__Dataset records__.
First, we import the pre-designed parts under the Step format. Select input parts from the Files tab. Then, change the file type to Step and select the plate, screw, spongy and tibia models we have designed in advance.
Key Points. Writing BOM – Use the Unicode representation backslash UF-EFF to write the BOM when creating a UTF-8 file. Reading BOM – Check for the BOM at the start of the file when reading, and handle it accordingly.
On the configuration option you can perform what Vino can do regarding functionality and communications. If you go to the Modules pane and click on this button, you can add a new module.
--
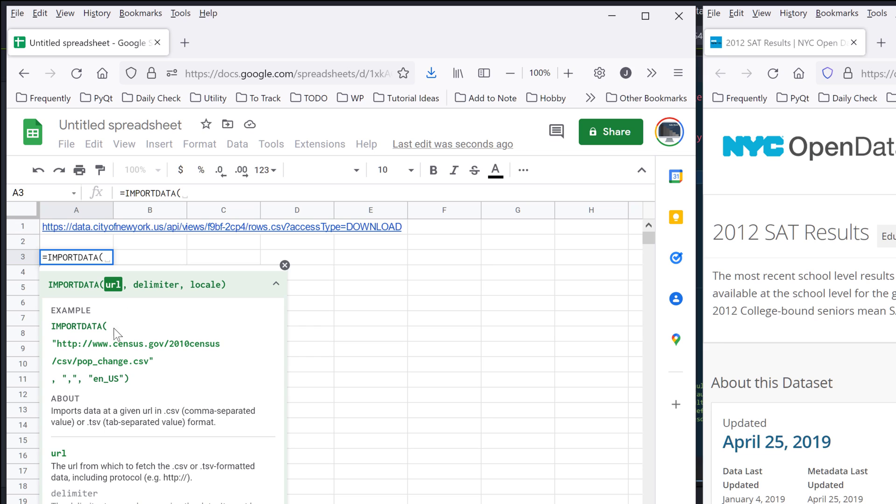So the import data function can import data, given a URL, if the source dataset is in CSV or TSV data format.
--
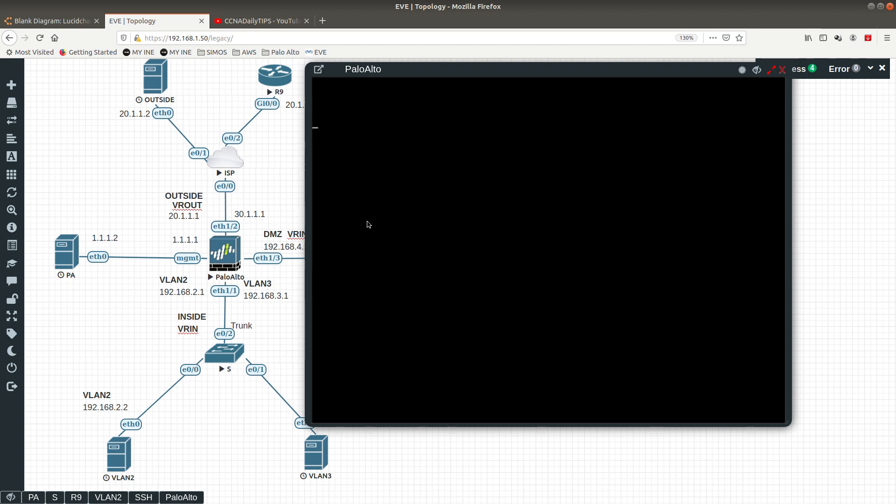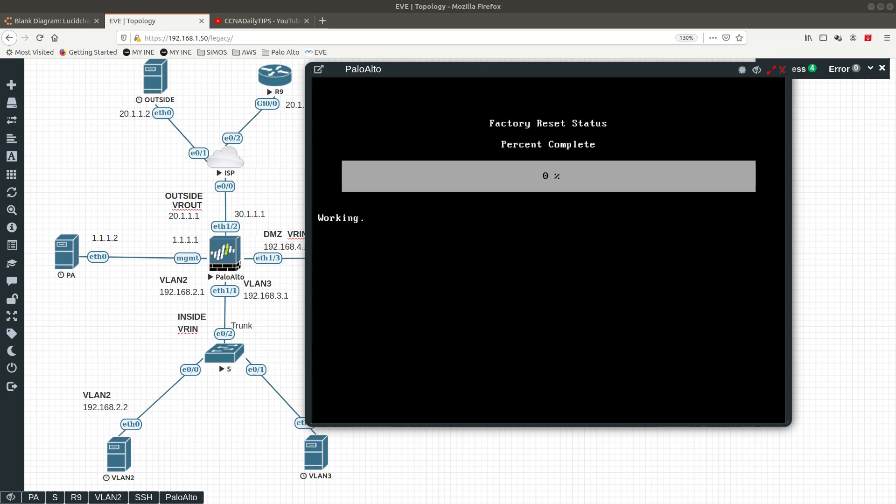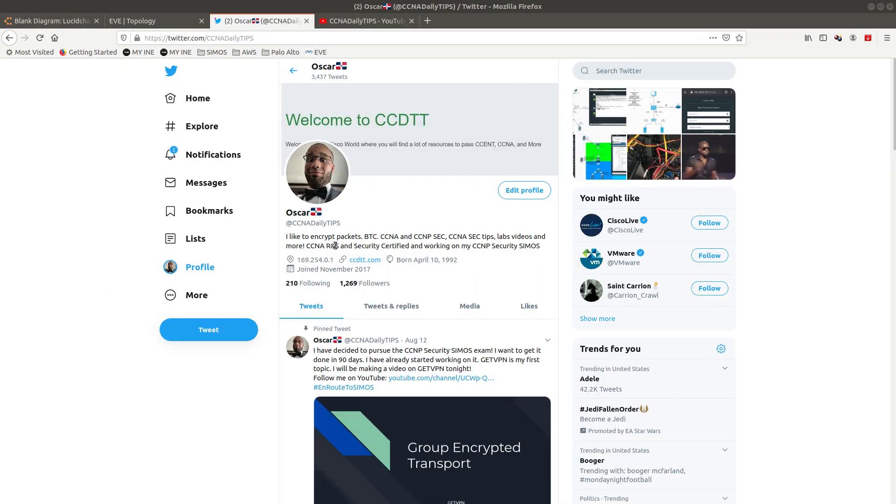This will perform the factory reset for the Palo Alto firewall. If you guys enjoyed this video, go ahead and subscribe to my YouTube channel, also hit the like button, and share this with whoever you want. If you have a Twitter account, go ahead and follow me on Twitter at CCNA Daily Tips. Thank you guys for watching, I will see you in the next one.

__Brief__.
Reproduce word for word the material above, beginning with the line that contains "First, we import" and ending with the line that contains "Key Points. Writing".

__Written solution__.
First, we import the pre-designed parts under the Step format. Select input parts from the Files tab. Then, change the file type to Step and select the plate, screw, spongy and tibia models we have designed in advance.
Key Points. Writing BOM – Use the Unicode representation backslash UF-EFF to write the BOM when creating a UTF-8 file. Reading BOM – Check for the BOM at the start of the file when reading, and handle it accordingly.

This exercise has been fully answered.